Nel film di Sorrentino c’è un dialogo liberatorio fra David Byrne, che interpreta se stesso, e Sean Penn alias “Cheyenne” in cui quest’ultimo confessa all’amico Byrne, lui si, di essere un vero artista –genio, perché ha saputo nella sua vita rendere felici le persone grazie alla bellezza ed alle intuizioni geniali della sua musica, mentre Cheyenne si considera solo “una popstar del cazzo”che scriveva pezzi malinconici e mielosi, purtroppo presi alla lettera da due suoi fan che si sono suicidati.
Anche dai solchi di questo disco, infatti, fuoriesce tutto il genio di Byrne e dei suoi compagni di viaggio: quella specie di funky-dance dalle armonie sghembe che fa proprio il suono dei Talking Heads.
Il disco si apre con “Burning down the house”, singolone di successo all’epoca, ma è alla fine del lato A che si trova la perla del disco: “i get wild/wild gravity”.
Un pezzo in levare che come atmosfera mi ricorda “Pull up to the bumper” di Grace Jones e che , a mio parere, sarebbe perfetto anche per lei.
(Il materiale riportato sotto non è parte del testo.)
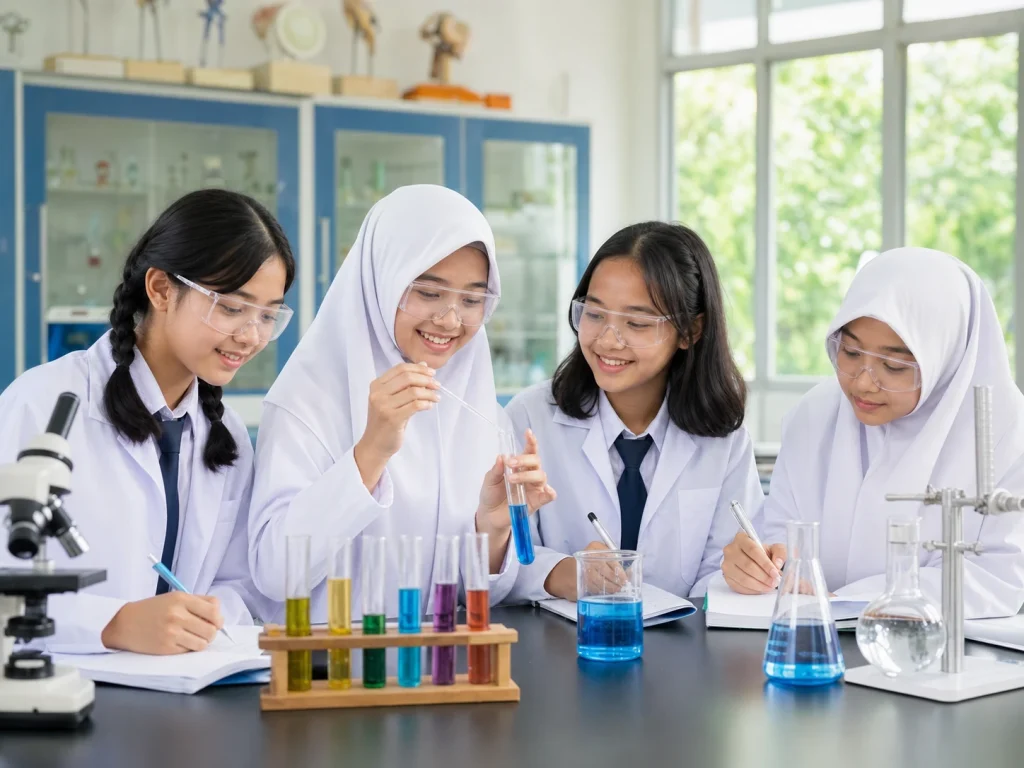fasilitas lab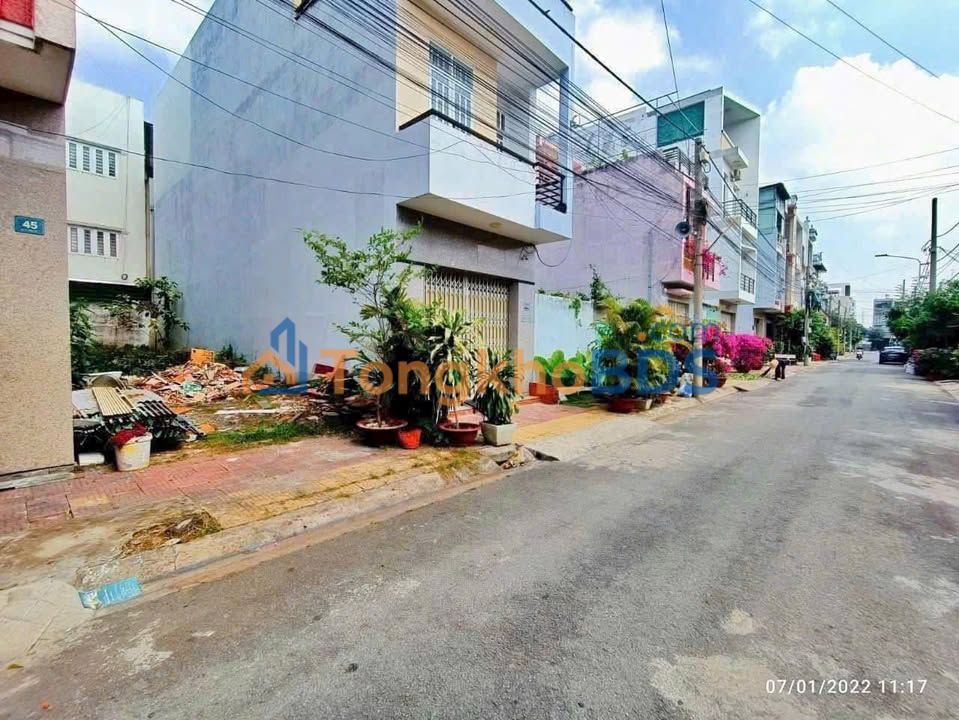 Đất Nền Hướng Nam 72m² Khu D2D Biên Hòa - Sổ Hồng Riêng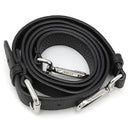 フェンディ FENDI セレリア シエスタ スモール 7VA639 ブラック カーフレザー 2WAYバッグ シルバー金具 黒 ショルダー ハンドバッグ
Riporto indietro la puntina un paio di volte per riascoltarlo prima di girare il disco sul lato B.
E qui la magia continua, spostandosi ancora più sul funky con “Pull up the roots” che sembra quasi un pezzo alla Prince con tanto di Sheila E alle percussioni.
La chiusura del disco è affidata al pezzo alieno “This must be the place” che rispetto a tutti gli altri brani del disco, che “spaccano”, è sicuramente quello dall’atmosfera più leggera e rassicurante, una specie di “coperta di Linus”, la sigla di chiusura perfetta.
Insomma un disco godibilissimo, di puro divertimento, ma di classe (sono i Talkimg Heads!) e con tutti i suoni della New York di Keith Haring (ricordiamoci che era il 1983), tanto che nell’ascoltarlo mi vengono proprio in mente le animazioni con i personaggi del mitico graffitista Newyorkese.
Giudizio: Se vi piacciono i Talking Heads è un disco da avere.
E come sempre è stato un piacere, Il Vostro Mauro.